Historicité du post-exotisme: de l’engagement littéraire contemporain
Au lieu de faire une étude de cas, j’aborderai une perspective un peu plus théorique sur l’engagement littéraire et, plus précisément, sur l’engagement littéraire en tant que rapport au temps et rapport à l’histoire. La question que je pose est la suivante:
Comment le post-exotisme d’Antoine Volodine peut il est lu comme une forme de renouveau de l’engagement?
En revisitant la réflexion faite par Sylvie Servoise dans son bouquin Le roman face à l’histoire je vous propose ici de faire un rapide survol des paradigmes de l’engagement Sartrien avant m’attarder d’avantage aux modalités de l’engagement contemporain.

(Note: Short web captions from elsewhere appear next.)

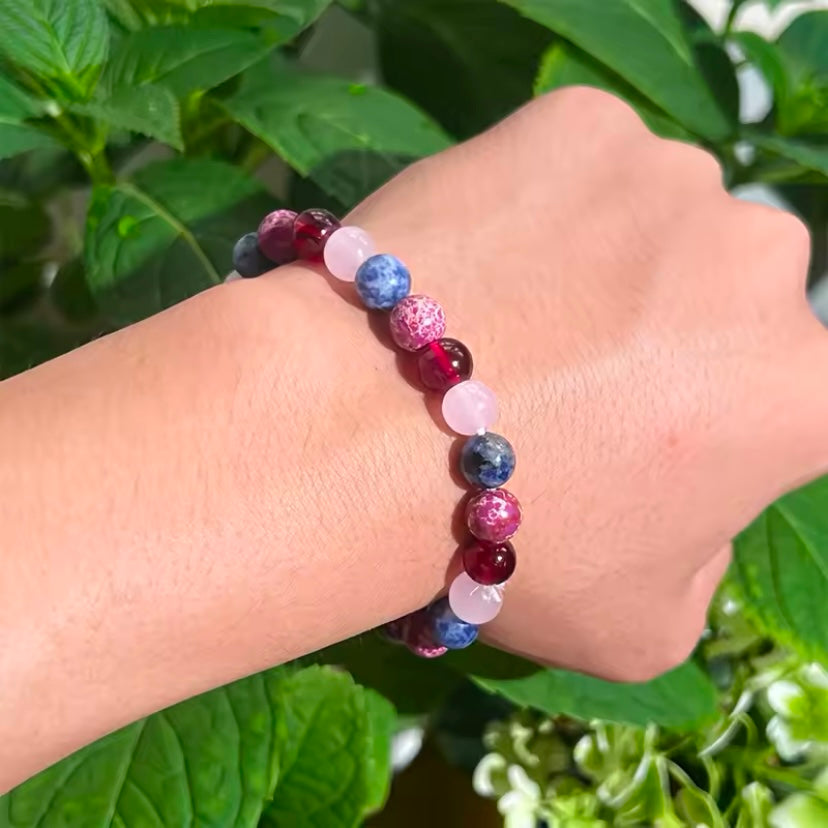 Liefde Armband – Meerkleurige Natuursteen, 8mm Keizerlijke Steen & Lapis Lazuli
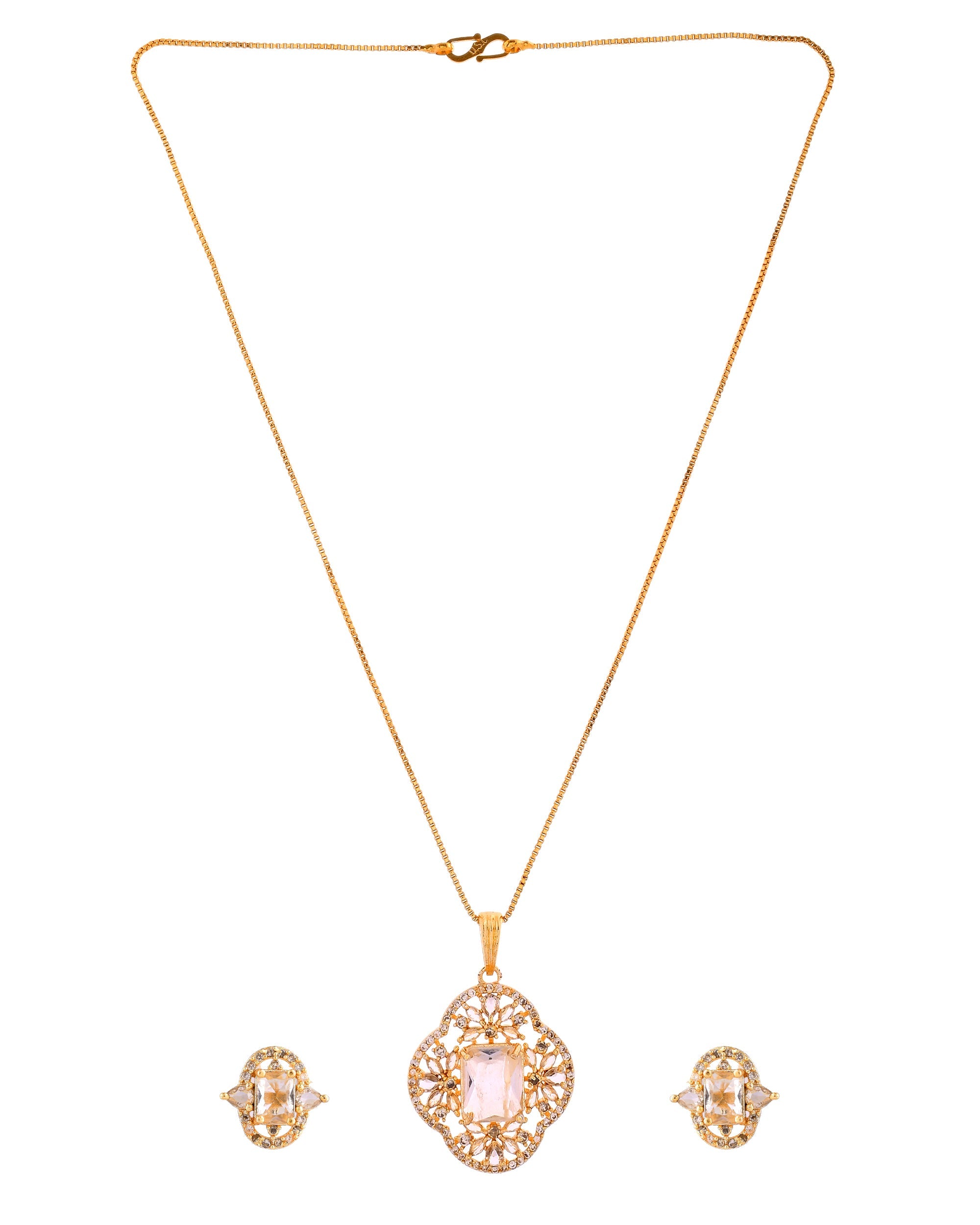 VOJ Gold Toned Rectangular Stone Studded Cz Chain Set | Grocsy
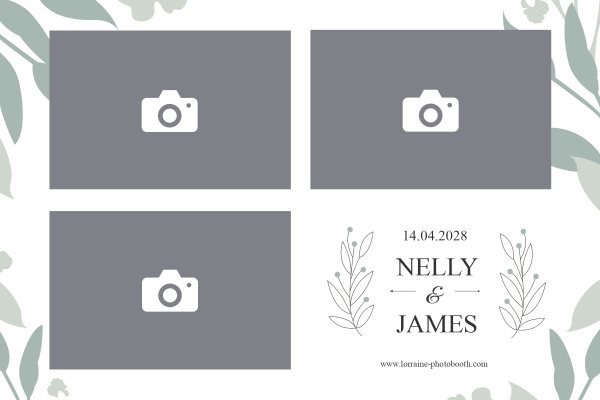 Cadre photobooth N° 108, thème Mariage · Entreprise, aperçu 15×10 avec le texte par défaut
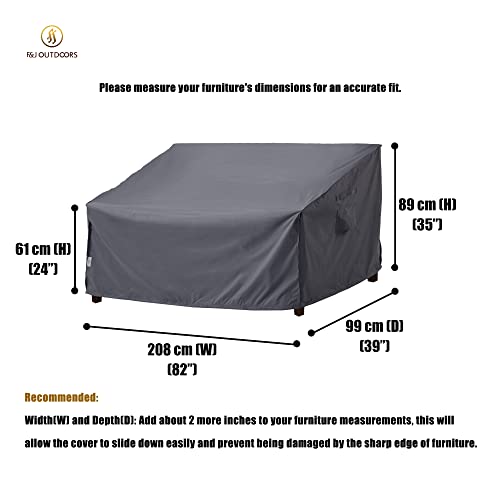 F&J Outdoors Garden Sofa Cover Waterproof Outdoor UV Resistant Eco-friendly Fabric Deep Seat Couch Covers, 208x99x61/89cm,Grey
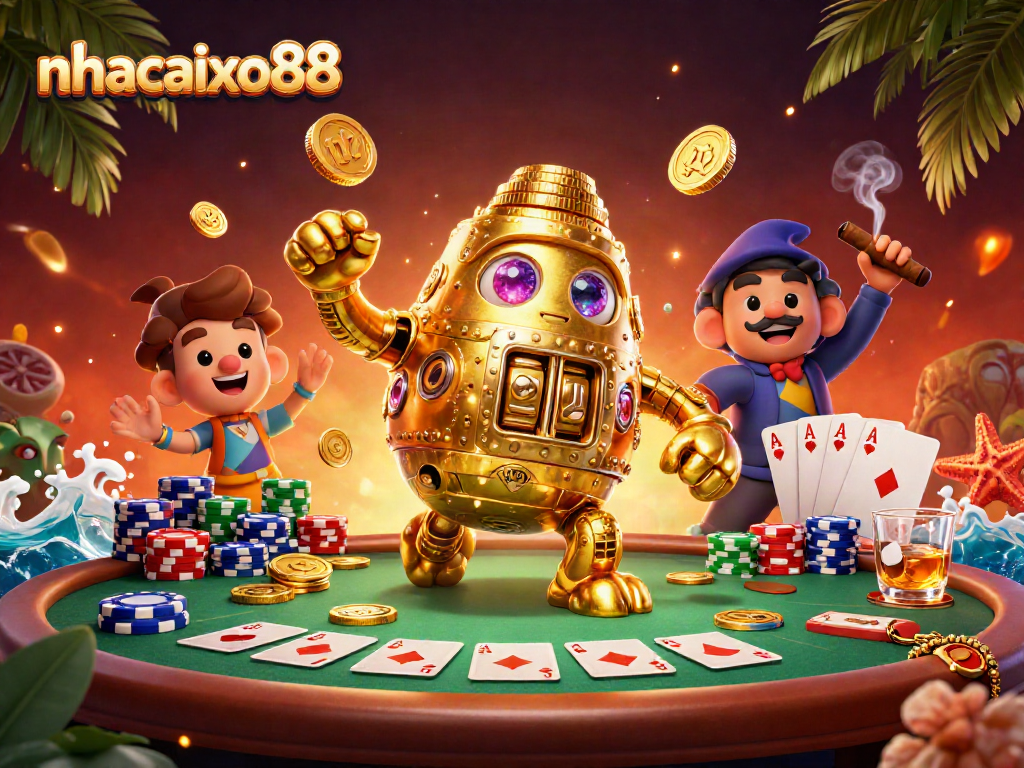 Engage with nhacaixo88's vibrant casino scene, featuring a gold golem and poker table action.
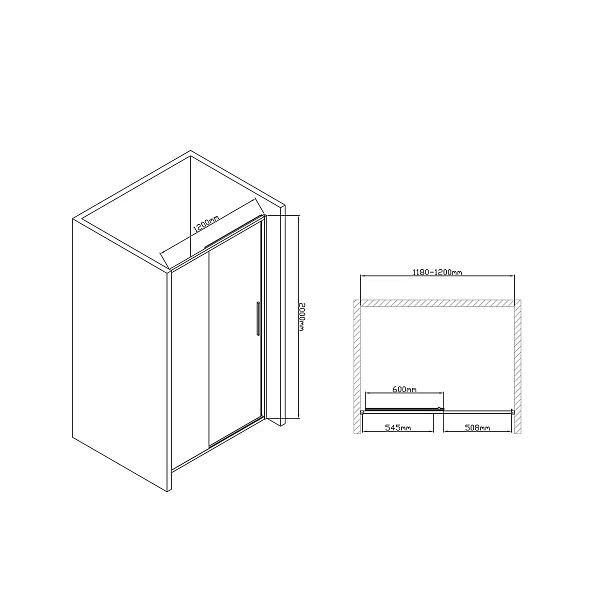 Душевая дверь Vincea Slim-U VDS-2SU120CLB, 1200, м.черный, стекло прозрачное
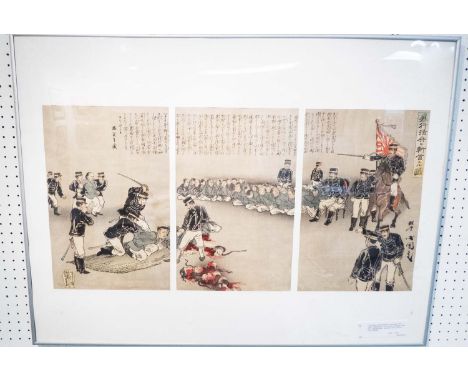 UTAGAWA KOKUNIMASA (Japanese 1874-1944), 'Beheading of 38 Chinese prisoners of the Sino-Japanese war', woodblock print, 36cm 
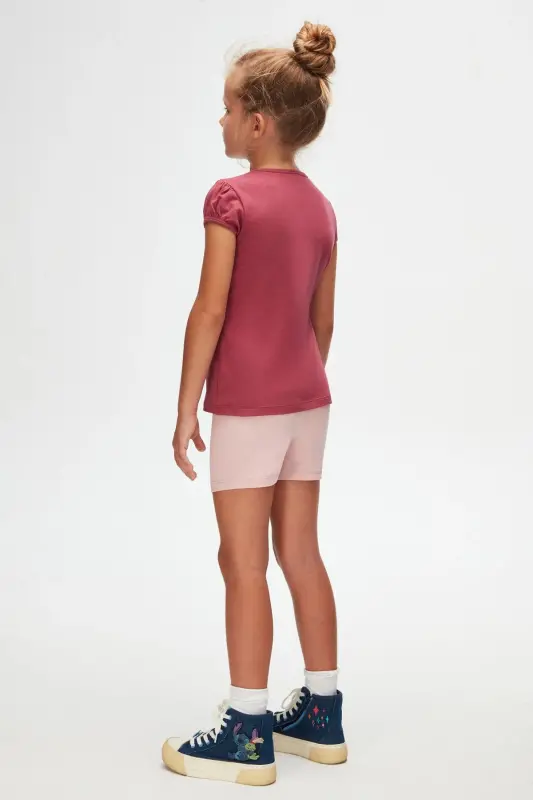 Açık Mürdüm Basic Kız Çocuk Sıfır Yaka Karpuz Kol Tişört-RED VIOLET - 4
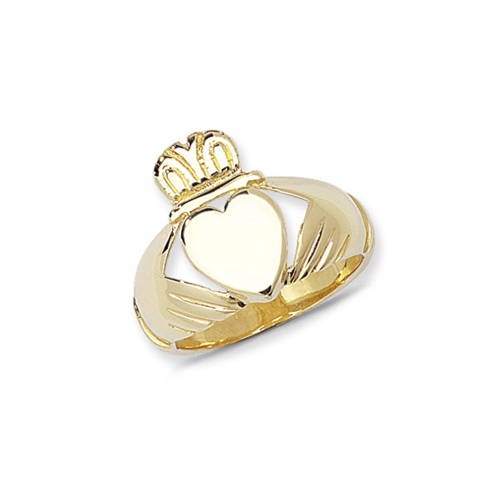 Yellow Gold Claddagh hollow Plain Ring Wedding Rings & Bands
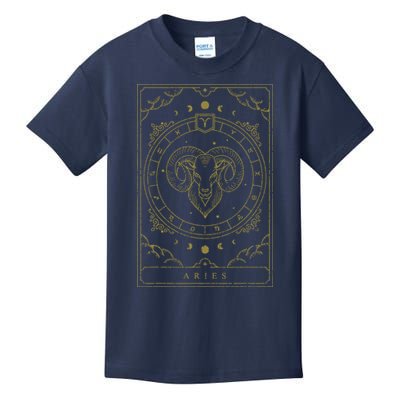 Vintage Aries Birthday Present Zodiac Sign Aries Kids T-Shirt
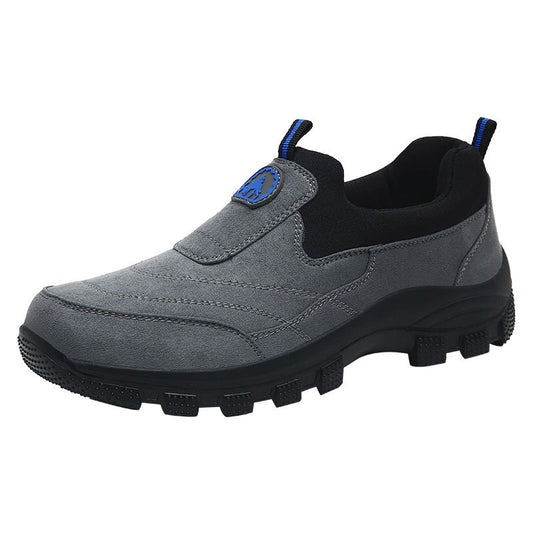 Men Slip On Hiking Shoes Waterproof Low Top Grey 45
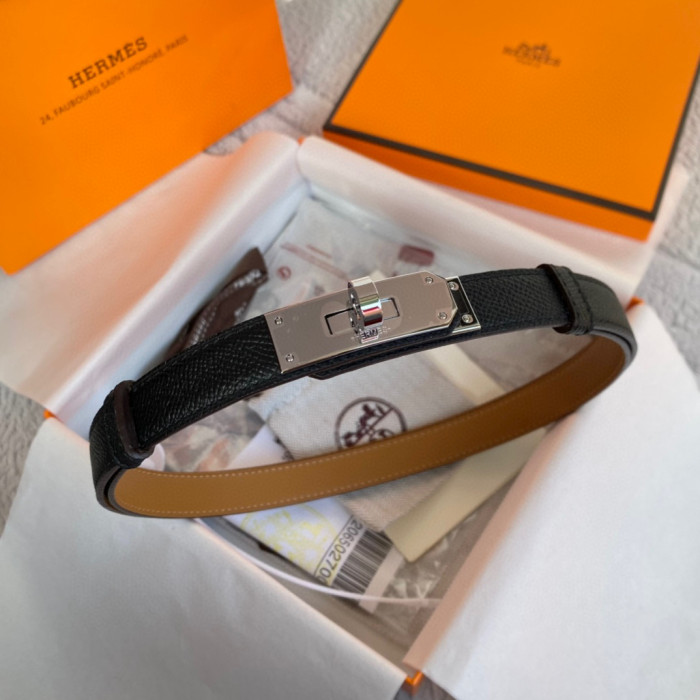 Hermes Black Leather Fine Decorative Waistband #nigo21724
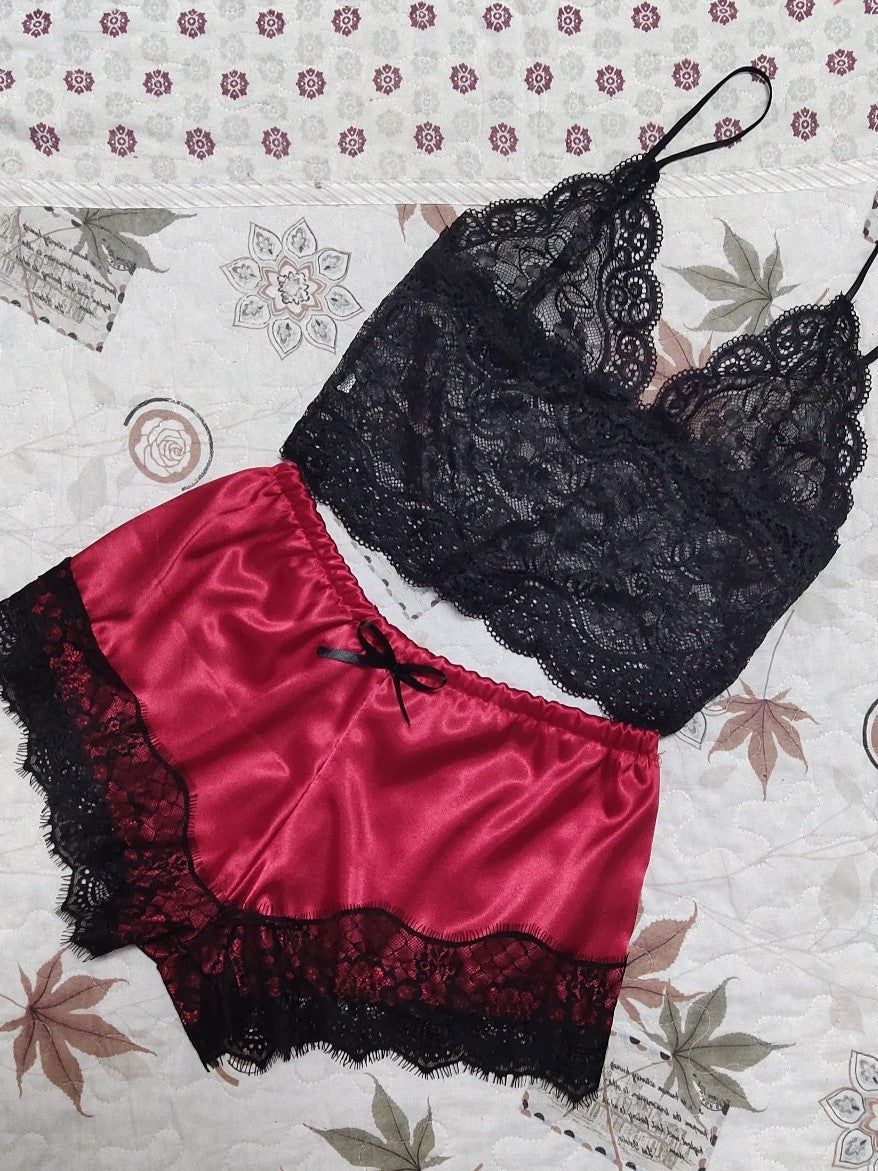 Women's Fashion Lace Pajama Set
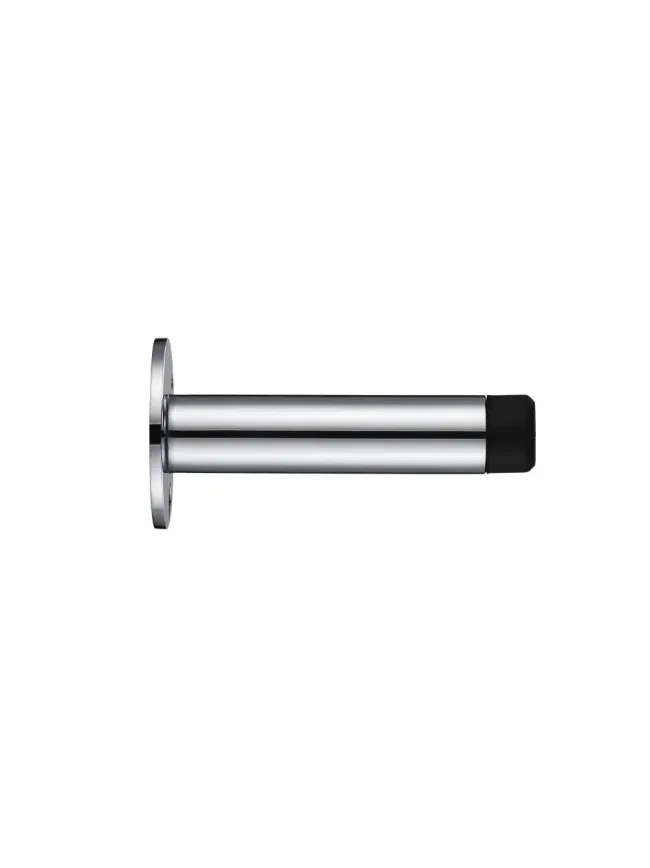 Zoo Hardware Door Stop - Cylinder with Rose 70mm - Face Fix - Polished Chrome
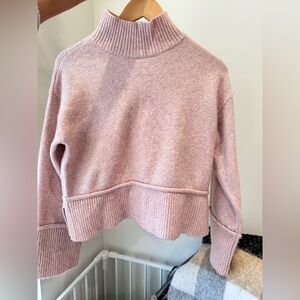 Marled Soft Pink Cowl Neck Sweater
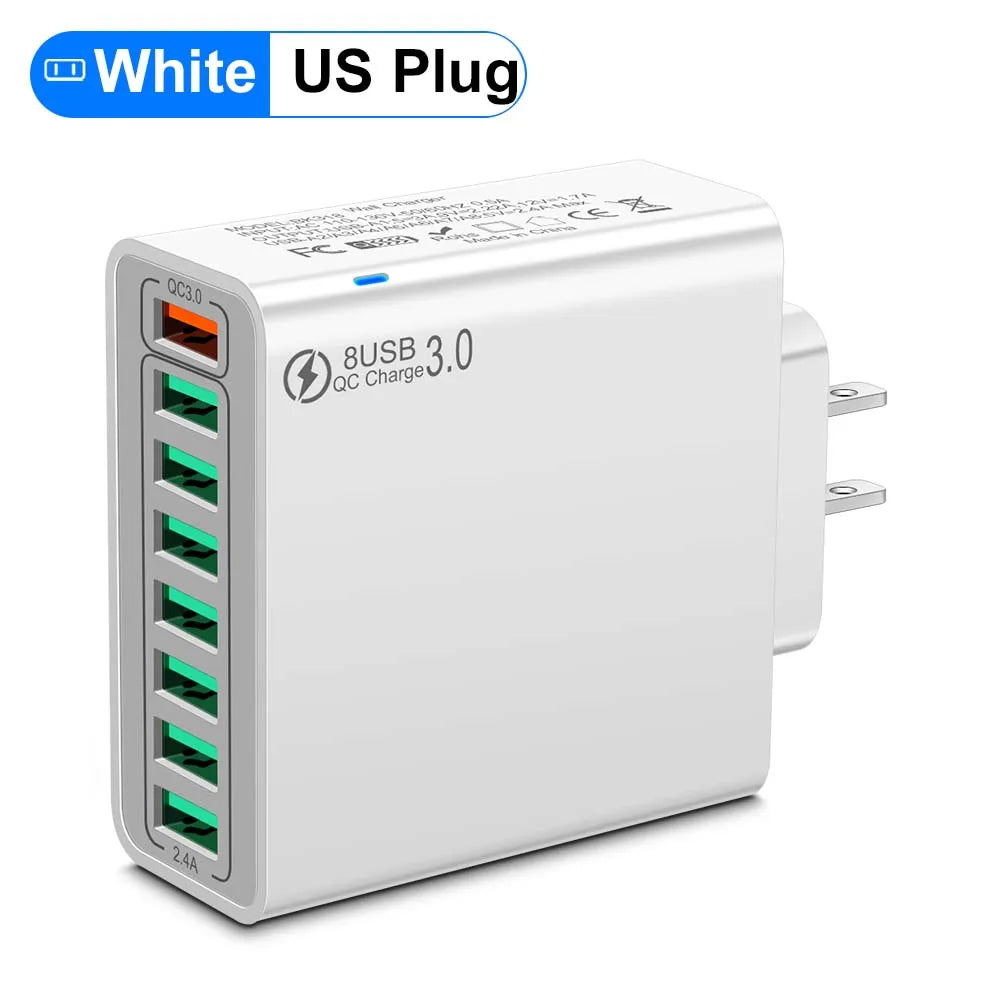 8-Port USB Fast Charging Wall Charger Adapter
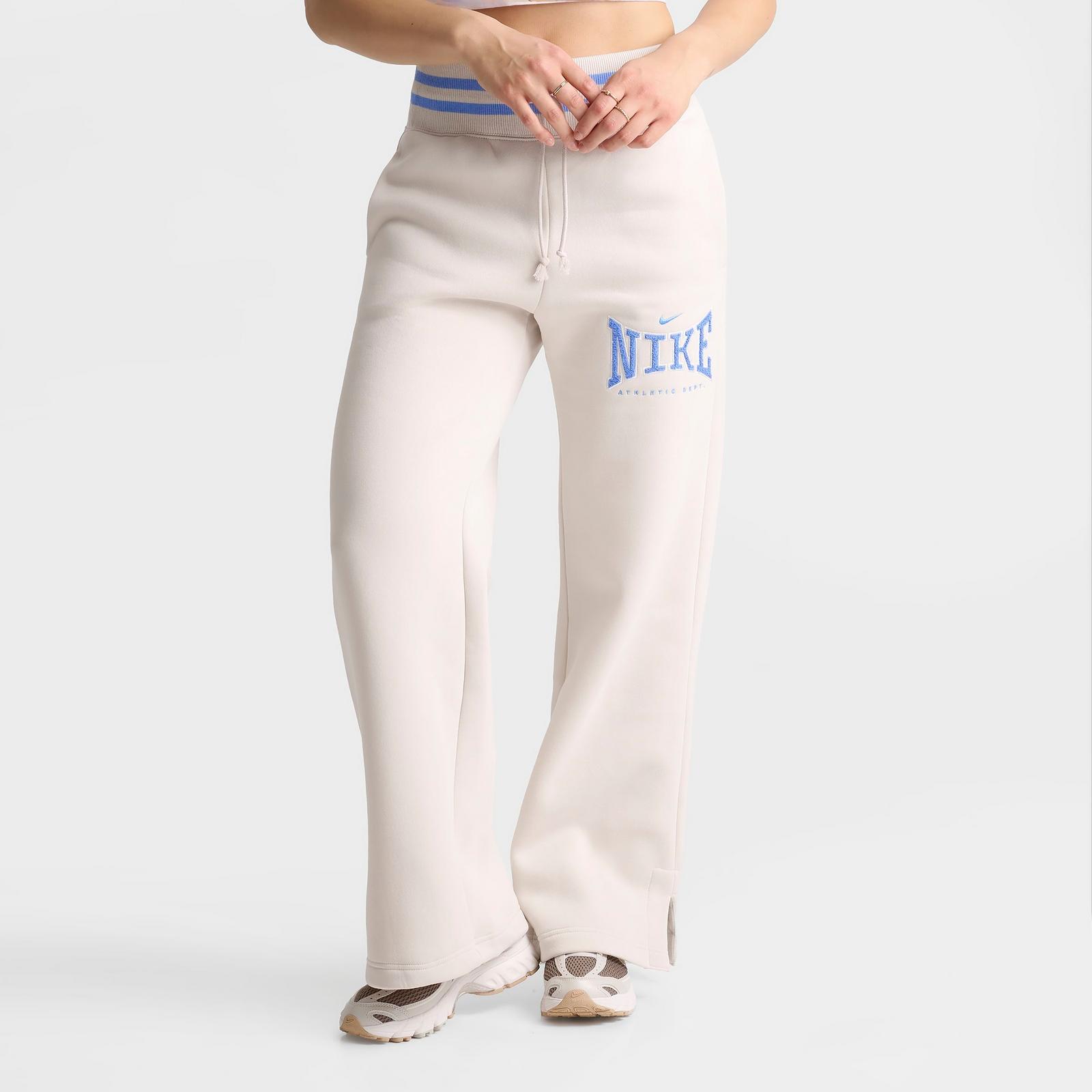 Women's Nike Phoenix Fleece Athletic Dept. High-Waisted Wide-Leg Sweatpants - Light Orewood Brown/University Blue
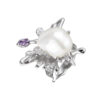 S925 Sterling Silver Butterfly Baroque Pearl Amethyst Open Ring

Christian Guay-Poliquin est doctorant en études littéraires à l’Université du Québec à Montréal et auteur du roman Le fil des kilomètres, paru en 2013, et du roman Le poids de la neige, paru en 2016 aux Éditions de la Peuplade. En 2013, il a été le récipiendaire du prix Mnémosyne du meilleur mémoire, qui lui a valu la parution d’un essai, Au-delà de la fin: Mémoire et survie du politique.